**Exercise**
Lines from the one containing "this 600×740 image." through the final line of the data, restated word for word and free of pictures, make up the whole answer.

**Records to use**
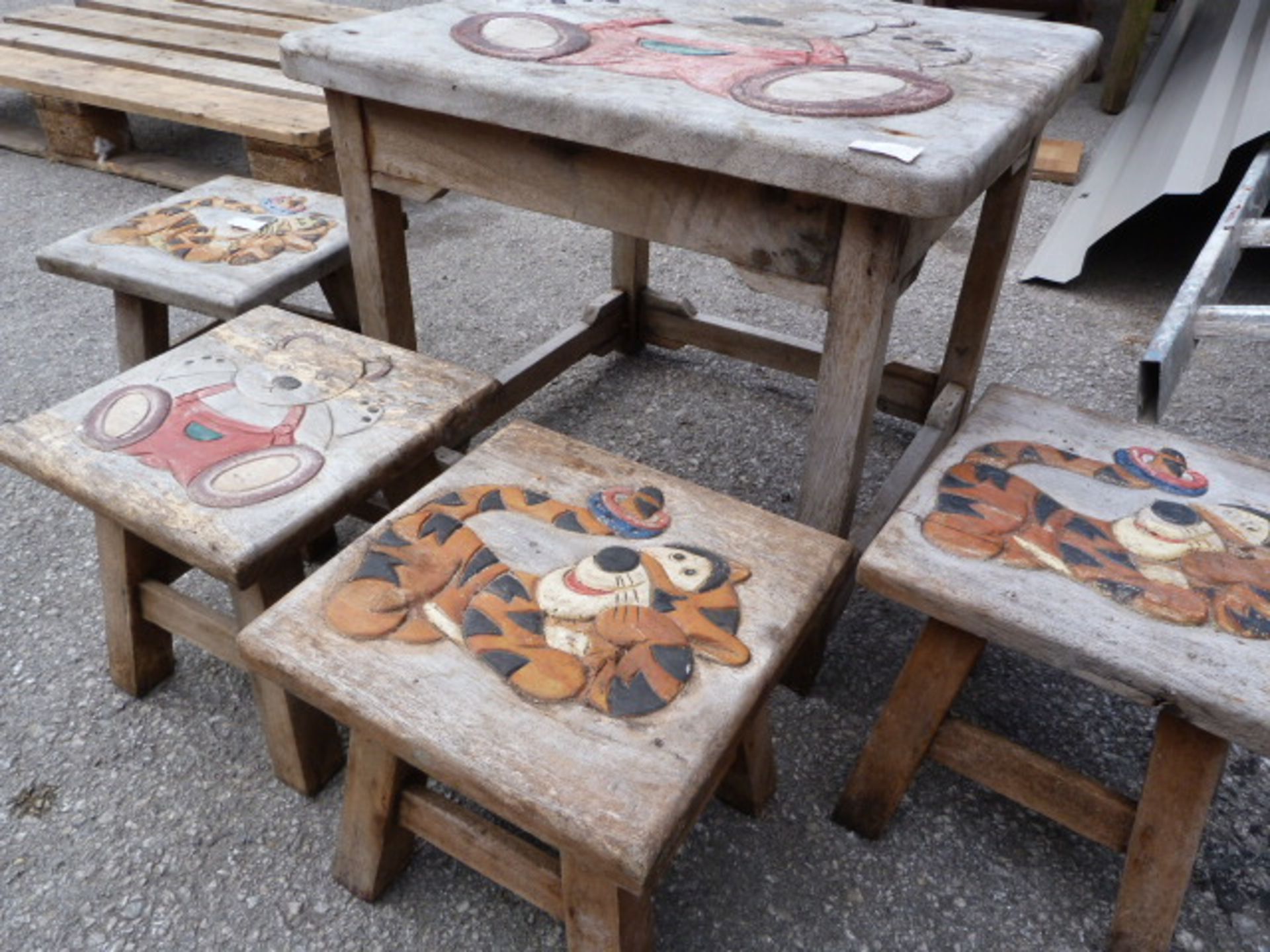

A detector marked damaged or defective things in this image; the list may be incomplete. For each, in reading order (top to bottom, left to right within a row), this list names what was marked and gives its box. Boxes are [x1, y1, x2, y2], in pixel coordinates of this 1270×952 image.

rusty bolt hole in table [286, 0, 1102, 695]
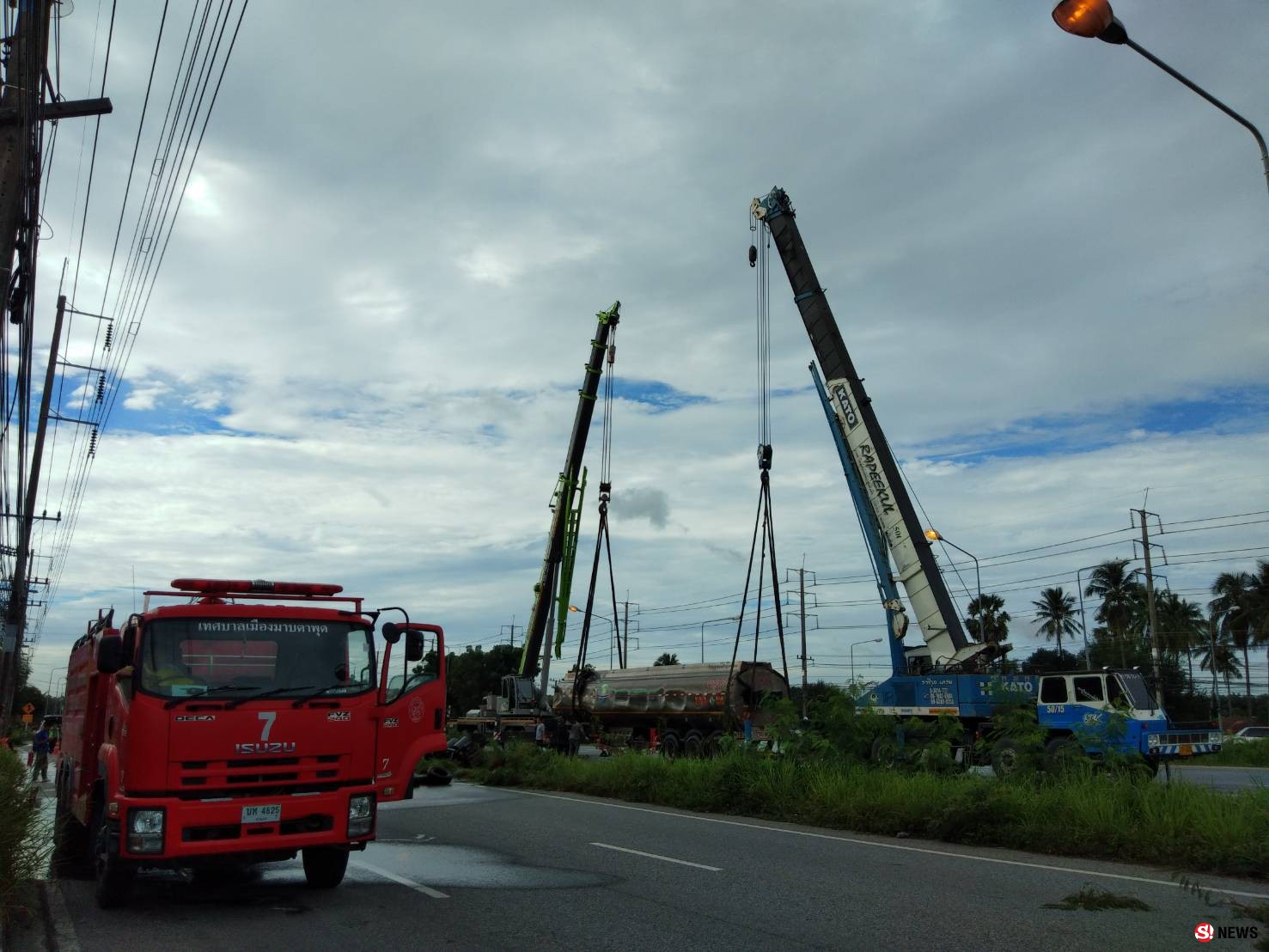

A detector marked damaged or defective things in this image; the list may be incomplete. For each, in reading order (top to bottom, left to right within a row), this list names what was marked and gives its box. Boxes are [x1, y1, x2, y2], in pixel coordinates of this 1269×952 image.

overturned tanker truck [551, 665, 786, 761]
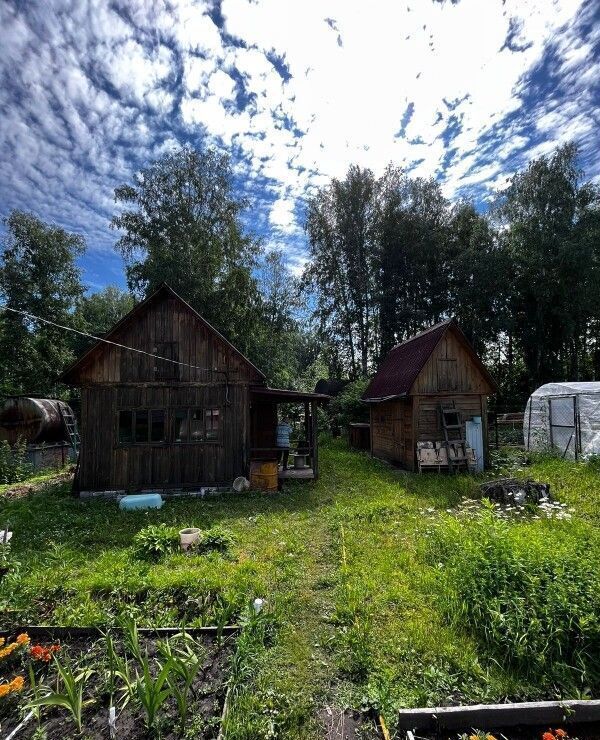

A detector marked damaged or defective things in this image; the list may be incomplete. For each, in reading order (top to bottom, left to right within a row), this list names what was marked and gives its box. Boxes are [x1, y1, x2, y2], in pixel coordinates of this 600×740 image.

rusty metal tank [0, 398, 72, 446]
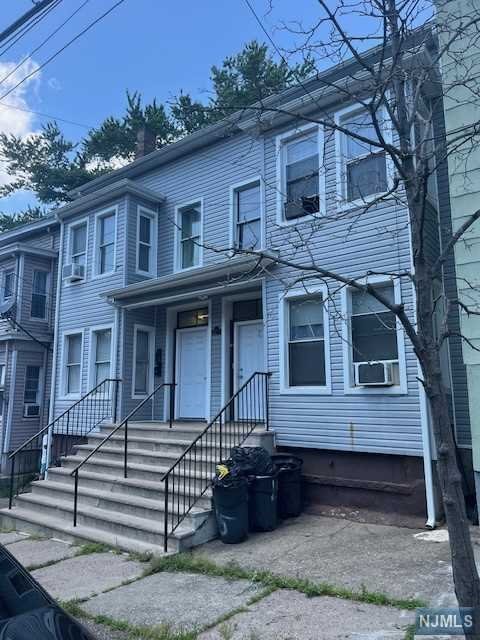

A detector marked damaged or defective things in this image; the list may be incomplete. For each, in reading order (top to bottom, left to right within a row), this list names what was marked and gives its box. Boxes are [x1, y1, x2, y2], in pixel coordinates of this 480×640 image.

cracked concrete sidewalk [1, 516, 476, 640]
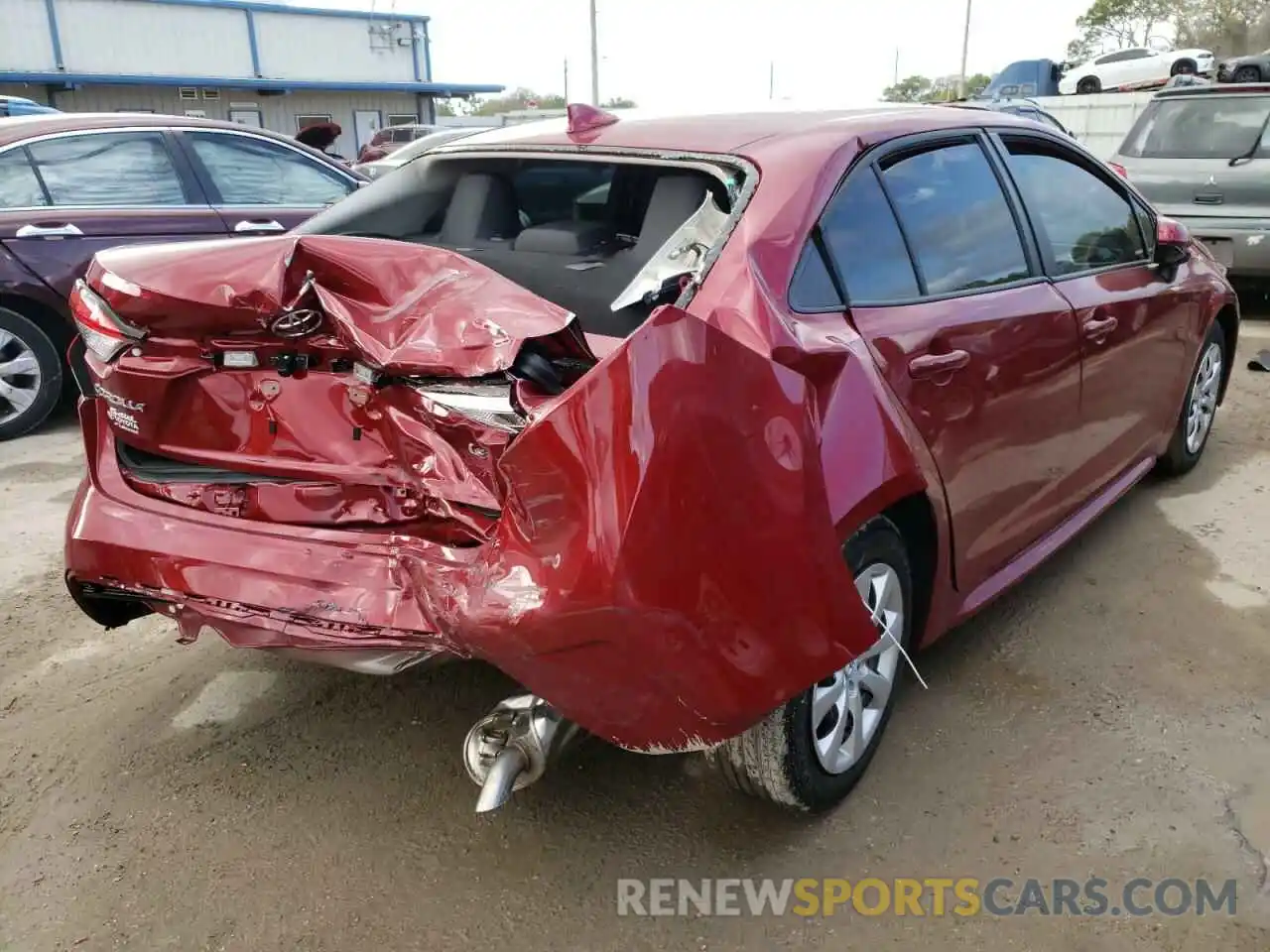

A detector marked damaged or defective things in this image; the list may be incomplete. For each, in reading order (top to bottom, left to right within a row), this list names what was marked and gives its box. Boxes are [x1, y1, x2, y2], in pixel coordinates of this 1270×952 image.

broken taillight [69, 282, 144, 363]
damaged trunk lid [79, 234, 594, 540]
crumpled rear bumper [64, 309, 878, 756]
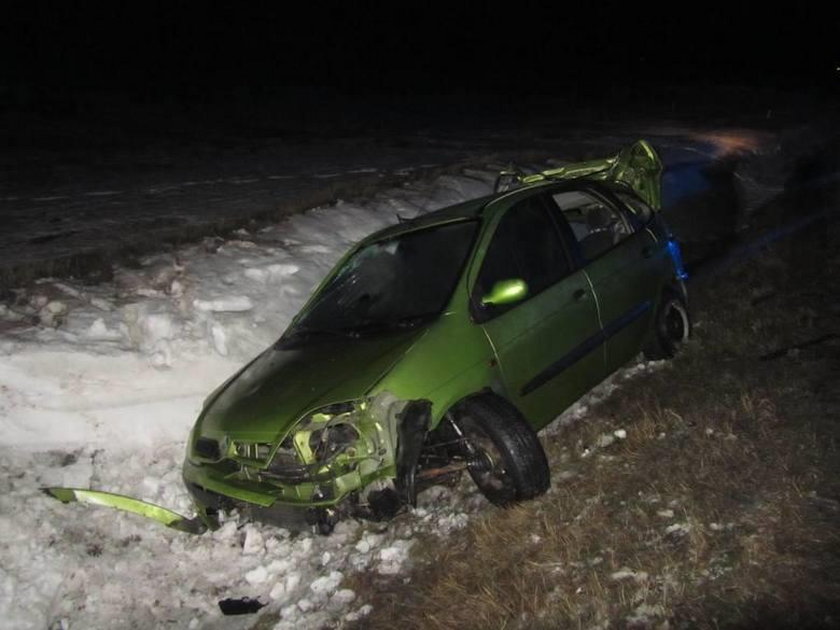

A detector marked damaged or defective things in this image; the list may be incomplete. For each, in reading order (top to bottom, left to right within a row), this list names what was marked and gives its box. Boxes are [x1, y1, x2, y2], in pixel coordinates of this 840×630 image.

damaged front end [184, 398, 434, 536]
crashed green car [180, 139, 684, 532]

**Result for this task**
A detector marked damaged or defective things in this image; the list may be incomplete. For each, in reading order (top to bottom, left to right within a row), this list names what was marked and gives its box. Boxes are [x1, y1, x2, y2], in pixel coordinates of this 600×740 image.

rusty metal tank [0, 398, 72, 446]

A detector marked damaged or defective things in this image; the list may be incomplete. For each, in reading order (top to bottom, left to right within a row), this list names what was marked and gives its box. Boxes are [x1, y1, x2, y2], in pixel coordinates of this 480×640 image.

cracked concrete sidewalk [1, 516, 476, 640]

A detector marked damaged or defective things in this image; the list may be incomplete. For each, in reading order (top to bottom, left to right within a row), this list names what was marked and gives its box. Boxes are [x1, y1, x2, y2], in pixel coordinates of this 1270×952 image.

broken taillight [69, 282, 144, 363]
damaged trunk lid [79, 234, 594, 540]
crumpled rear bumper [64, 309, 878, 756]

A detector marked damaged or defective things in this image; the list may be incomplete. For each, in reading order (top to bottom, left to right within a row), this list names what was marked and gives its box. Boxes are [x1, y1, x2, y2], in pixel coordinates of this 840×630 image.

damaged front end [184, 398, 434, 536]
crashed green car [180, 139, 684, 532]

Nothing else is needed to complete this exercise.